The Congress of Oddities

Note: This review is from 2004

Review by Steve Bennett

Freak shows have undergone something of a slump since the demise of the Empire, which is bad news for former Siamese Twins Chlamydia and Calamine Lloyd-Haemorrhage, since that's the only line of work they've ever know. Nonetheless, invited to perform at a modern-day Victoriana Society, regardless of the rules of time, they attempt to adapt their 19th Century routines for a 21st Century audience.

That's the unique premise of The Congress Of Oddities, one of the more idiosyncratic female double acts at this year's Fringe.

Performers Margaret Cabourn-Smith and Zoe Gardner engagingly occupy the hideous personas of the grotesques 'unschooled in the ways of polite society' as they variously tantalise, scare and assault the audience with their awkward attempts to entertain.

It's essentially a one-joke piece ­ but the joke is a good one, and this deft duo pull it off with endearing, quirky style. Their attempt at applying modern stand-up sensibilities to Victorian-age material is the clear highlight, wonderfully deconstructing the comedian's warm-up tricks and rhythms of language to impressive effect. Their takes on a couple of pop classics hit the mark, too.

Other chunks of material seem to make very little sense, but that doesn't stop them from being as funny as they are bewildering, and the whole show is infused with a weird, sinister spirit that would do their sideshow-era forebears proud.

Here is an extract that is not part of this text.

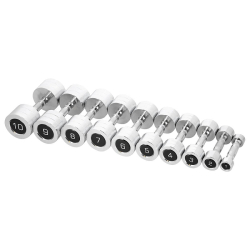 Chromované činky HMS CHD02 2 x 2 kg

They do slip up occasionally, most notably when they extract bloody offal from beneath their petticoats in the prelude to their demise ­ a scene that strays way too far into the disgusting realms of medical student revue compared to the more imaginative work that precedes it.

The long-term prospects of such a peculiar entertainment may well be limited, having more the feel of a recurrent sketch along the lines of the Fast Show's baffling music-hall entertainer Arthur Atkinson than a sustainable idea, but as a quirky piece of 'only at the Fringe' sketch work, it's an entertaining break from the norm.